While there may be little practical difference between liberals and progressives, the choice of which term to use has a strong rhetorical impact, because it suggests which historical strain of thought you identify the most with. People who call themselves liberal are, consciously or otherwise, linking themselves with the classical liberals of the eighteenth and nineteenth centuries. Because those liberals advocated limited government involvement in the private sector, conservatives and libertarians often claim to be their true heirs and consider today's liberals to be impostors. Modern liberalism does in fact owe a great debt to the Progressive movement of the early twentieth century, which sought the government's help in protecting consumers from harmful business practices. Because of this, it would seem that the current definition of liberalism is practically the opposite of what it was before the rise of progressivism. That's what many conservatives claim, and what many liberals concede.

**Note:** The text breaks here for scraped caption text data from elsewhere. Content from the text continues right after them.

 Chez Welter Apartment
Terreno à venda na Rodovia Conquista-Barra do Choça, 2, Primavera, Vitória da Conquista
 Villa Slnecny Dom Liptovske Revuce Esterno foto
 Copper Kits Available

But this picture is simplistic. The classical liberals attacked the government because, back then, the government was the strongest force that stood in the way of the individual. The rise of big business toward the end of the nineteenth century presented a new kind of tyranny that needed to be kept in check.

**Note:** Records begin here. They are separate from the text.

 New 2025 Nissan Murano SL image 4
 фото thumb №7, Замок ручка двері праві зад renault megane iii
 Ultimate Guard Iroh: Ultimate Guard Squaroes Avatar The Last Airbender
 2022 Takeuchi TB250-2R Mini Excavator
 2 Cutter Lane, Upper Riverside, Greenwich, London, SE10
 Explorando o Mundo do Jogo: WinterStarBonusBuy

The root of the word "liberal" is, of course, the Latin liber meaning "freedom," and by spurning the term in favor of "progressive," we play into the hands of those on the right who claim to be the true champions of freedom. We should be making the case that freedom is still central to liberalism. While libertarians argue that any government involvement in the market is an infringement on individual liberty, one has to be blind to think that in a purely capitalistic society someone born into poverty will be naturally as free as someone born into wealth. Libertarians are correct that enforced equality of the socialist variety does end up limiting people's freedom, but that's because it's the opposite extreme of what they advocate. The greatest freedom that a society can offer requires some balance between the two positions.

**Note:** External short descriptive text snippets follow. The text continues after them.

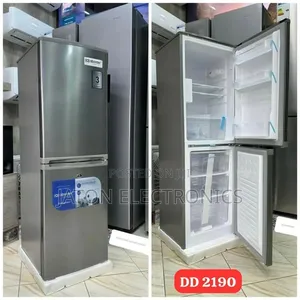 Aborder Fridge Dd2190 Lita 190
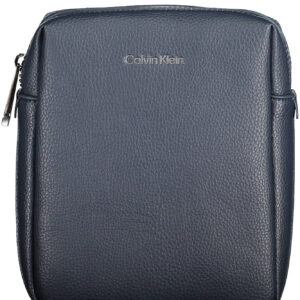 CALVIN KLEIN TRACOLLA UOMO BLU
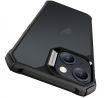 KRYT ESR Air ARMOR iPhone 15 FROSTED BLACK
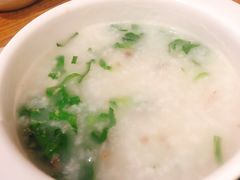 -小城粥道·海胆鲜虾粥(解放广场店)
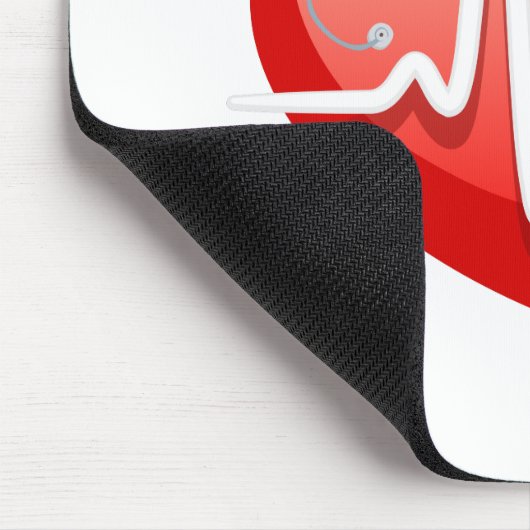 RN マウスパッド (コーナー)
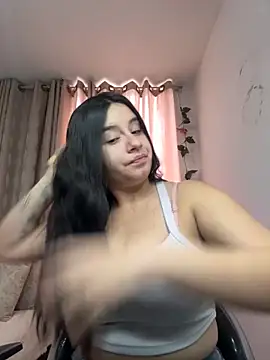 SaraBraun  online show from October 2025 04:48:02 PM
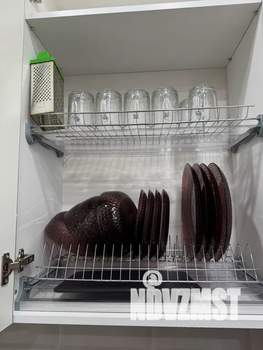 2-к квартира, посуточно, 56м2, 4/9 этаж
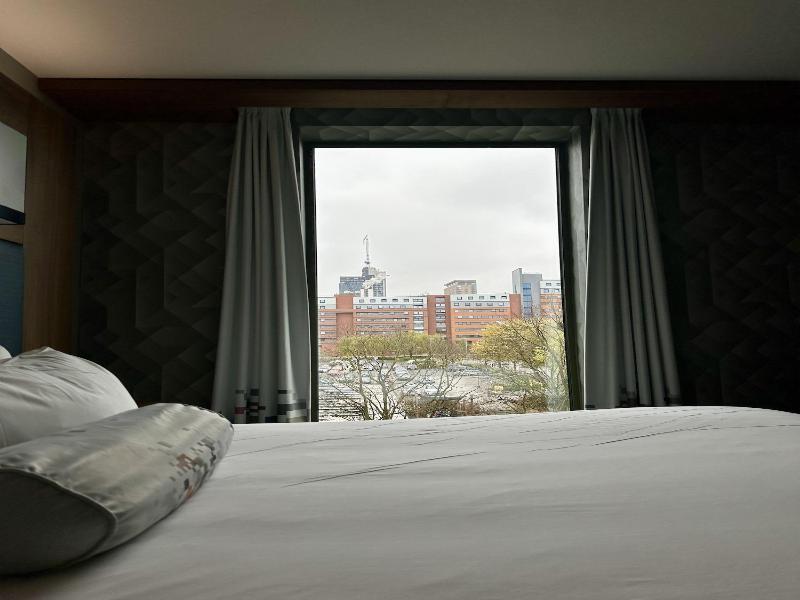 Aloft Birmingham Eastside image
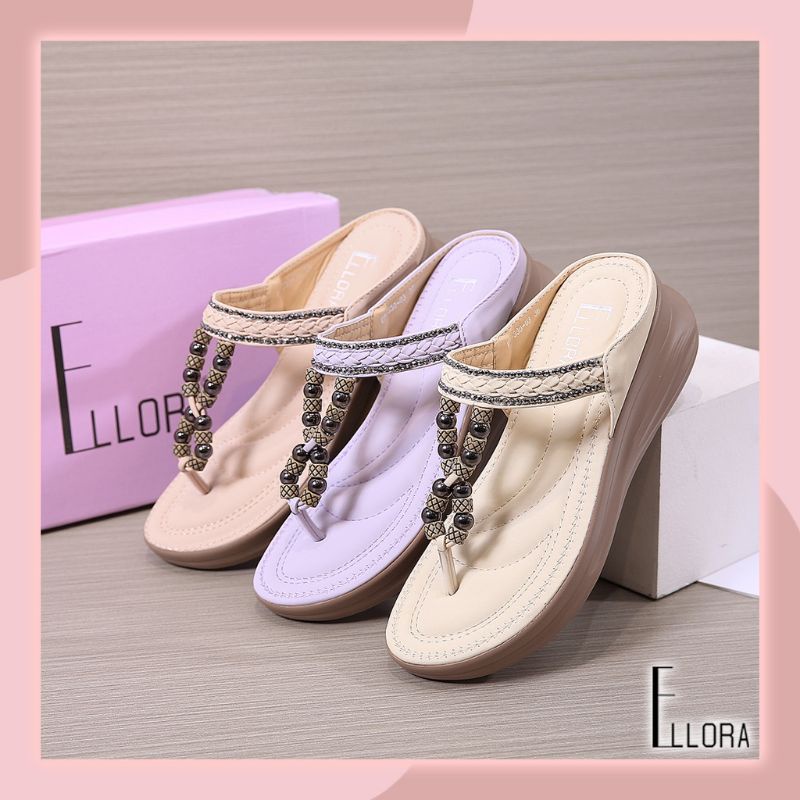 ellora wedges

I agree with Alan Wolfe, author of the recent book The Future of Liberalism, who defines liberalism as the philosophy of working to achieve this balance to give the most people the greatest control over their destinies. Wolfe dislikes the term "progressive" because "by returning us to the days of Woodrow Wilson and others who once adopted the label, it would take liberals back to a political agenda too convinced of its own moral superiority and too hostile to civil liberties to serve the needs of an open and dynamic society." He adopts the term "liberal" because he sees no essential barrier between the liberals of the past and those of the present:
There is a taste for equality that runs through the liberal idea, in part because you cannot really imagine a society surviving in which liberty extends only to a few. The notion that there was a kind of golden age of classical liberalism and that liberalism today is statist is false. What really happened in history was that Adam Smith was a great liberal. The idea of the free market arose and it took root in western societies and people began to lead lives in which they were in control of their destiny. This was so compelling that people said, "If some can do it, why can’t the rest of us?" To me there’s no contradiction between Adam Smith and John Maynard Keynes, or between the eighteenth-century notions of the free market and the twentieth-century welfare state. They follow one from the other because they’re both committed to the same. That’s why I think equality is built into the liberal idea.